All he had to do was open it, apply the tiniest amount to Jenny's wound. She would be healed, her life saved. How could he not do it? He picked it up, cupped it in his two palms. It was almost without weight, as if its contents were lighter than air, like angels' wings.

Open it, apply a small amount to her wound. She would live-absolutely, no question. If he didn't, there was only faith to go on, faith that he could get her to the clinic, that he could save her.

His fingers curled around the stopper.

And then what? What would happen to her afterward? Would she live to be 150 years old? two hundred? four hundred, like Fra Leoni? Would she want that? Had he the right to do it, to change the natural order? Surely, his father had had the same agonizing decision to make when Steffi grew gravely ill…

And then his father appeared beside him.

'Dad, what should I do?'

'It's your decision now, Bravo.'

'I love her, I don't want her to die.'

'I loved Steffi, I didn't want her to die.'

'But you betrayed her, you slept with Camille.'

'I'm human, Bravo, just like everyone else.'

'But you're not like everyone else, Dad!'

Dexter smiled. 'When you were a child, it was good for you to see me that way, it gave you comfort and security, that's the way of the world. But now you're an adult, you have to accept me as I really was, you have to provide your own comfort and security…'

Bravo, blinking away tears, found himself once again alone by the seething Cauldron, Jenny beside him. He heard her labored breathing, looked down again at the vessel that held the Quintessence.
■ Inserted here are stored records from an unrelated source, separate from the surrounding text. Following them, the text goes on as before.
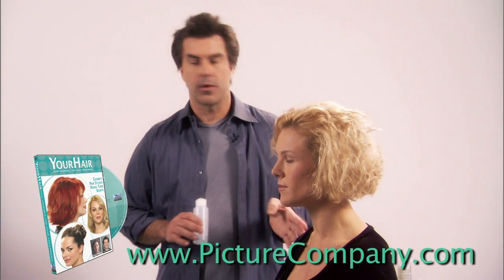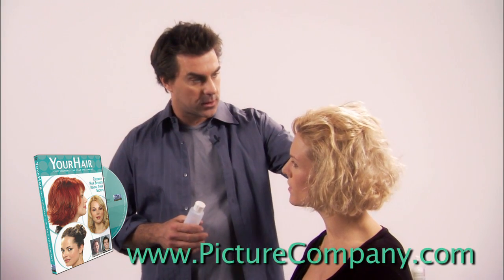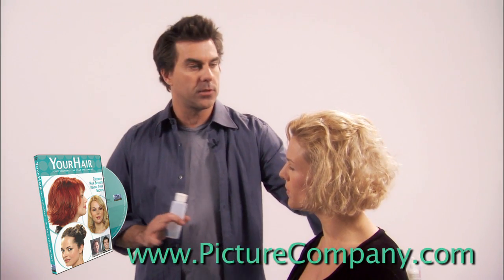One trick that I have for you girls with curly hair like this: get your hair dry. Once we've dried it like we just did, scrunch it, get it really dry — that's the most important thing.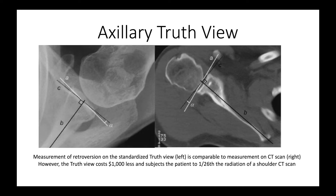Some have said you need a CT scan to accurately measure glenoid version. We find that measurements from the x-ray truth view give us plenty of information to manage the patient, without spending the extra $1,000 on a CT scan and without subjecting the patient to 26 times the radiation of a standard plain x-ray. We think it is safer and more cost-effective to use a standardized axillary truth view rather than a CT scan.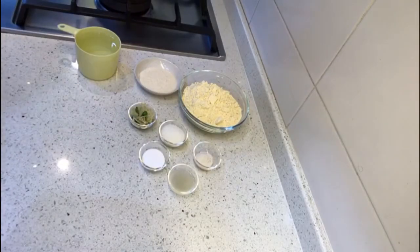Hello friends, if you are looking to make dhokla at home and want to make instant dhokla, then this video is for you. Today we are going to make instant dhokla, so let's see what all we need for this.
Faith. Was his faith strong enough?

He carefully replaced the Quintessence in the chest. But it was as if the phial were alive, it was so difficult to let it go, to pull his hand away. With an extreme effort he did, closed the lid and lowered the toy chest back into the hole his father had made for it.
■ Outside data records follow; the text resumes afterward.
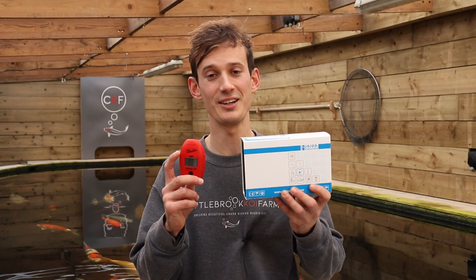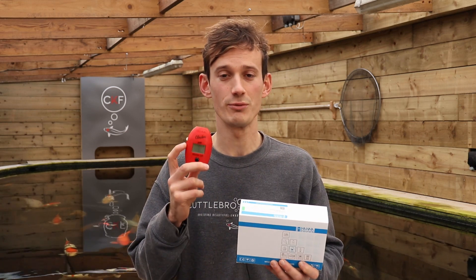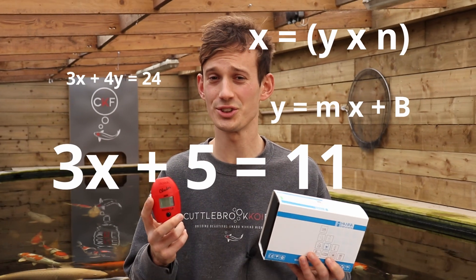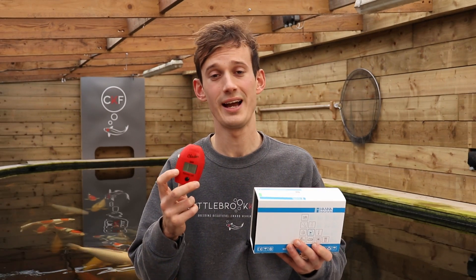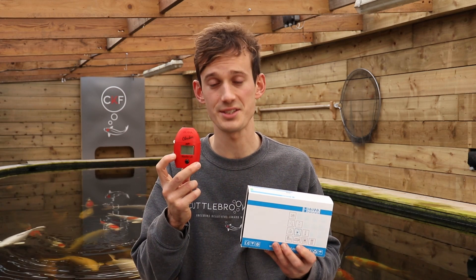Hi guys, Sam here from Kochepot Koi Farm. I'm here today to show you how to use the HANA low-range nitrite test kit. This is certainly one of the more confusing of the HANA pocket test kits as it doesn't give you a result straight out of the meter. You've got to do a few calculations and a lot of people get confused by that. So fingers crossed this nice and simple video will help you understand how to use the pocket checker, how to use the calculations and what those numbers actually mean for you and your fish. Stay tuned, hope this is a nice and simple easy guide of how to use this fantastic little bit of kit.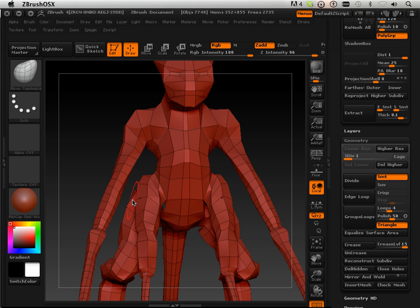Right now we're just at the topologization phase. Then there's a detail phase, then a mapping phase, and then a cleanup phase. So there are a lot of phases.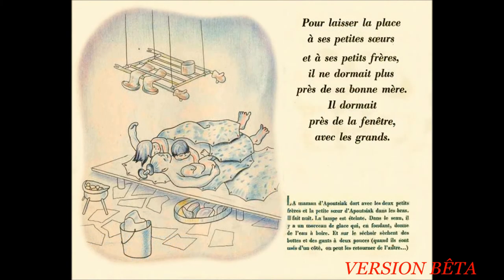Pour laisser la place à ses petites sœurs et à ses petits frères, il ne dormait plus près de sa bonne mère. Il dormait près de la fenêtre, avec les grands. La maman d'Apoussiac dort avec les deux petits frères et la petite sœur d'Apoussiac dans les bras. Il fait nuit. La lampe est éteinte. Dans le seau, il y a un morceau de glace qui, en fondant, donne de l'eau à boire. Et sur le séchoir, sèchent des bottes et des gants à deux pouces. Quand ils sont usés d'un côté, on peut les retourner de l'autre.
The buried Quintessence nevertheless beat like a telltale heart as he replaced the soil, tamped it down, replaced the bed of pine needles and forest detritus. Then, with a fervent prayer to the Virgin Mary, cradling Jenny in his arms, he began the trek back to Sumela.
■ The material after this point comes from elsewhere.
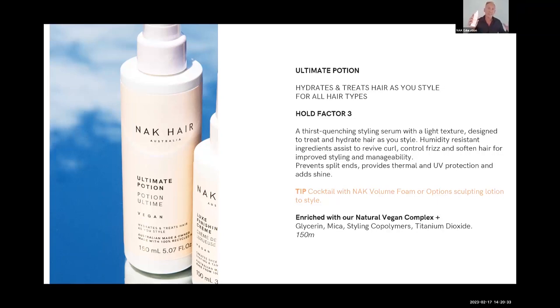Ultimate Potion blends and dilutes products. I actually use it with our mousse — I've got a styling chart I'll share a bit later. Half and half: sometimes mousse can be a bit too crunchy, so just add a little bit of Ultimate Potion to dilute it. It's almost like a liquid gel. Definitely try Ultimate Potion and Options — they're really good together on the cocktailing chart.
Eight hours later, in the middle of the night, Jenny awoke in terrible pain. She cried out. Then Bravo had her hand, was bending over her. She could see his face in the soft lamplight.

'Where am I?'

'Macka,' he said. 'Next door is the clinic's surgery.'

'The cache?'

'It was just where my father buried it,' he said. 'Breathe easy, Jenny, it's safe.'

'I want to get out of here.' She tried to rise, moaned. With a rattle of tubes that ran into her, carrying blood and saline, she sank back against the rough pillow.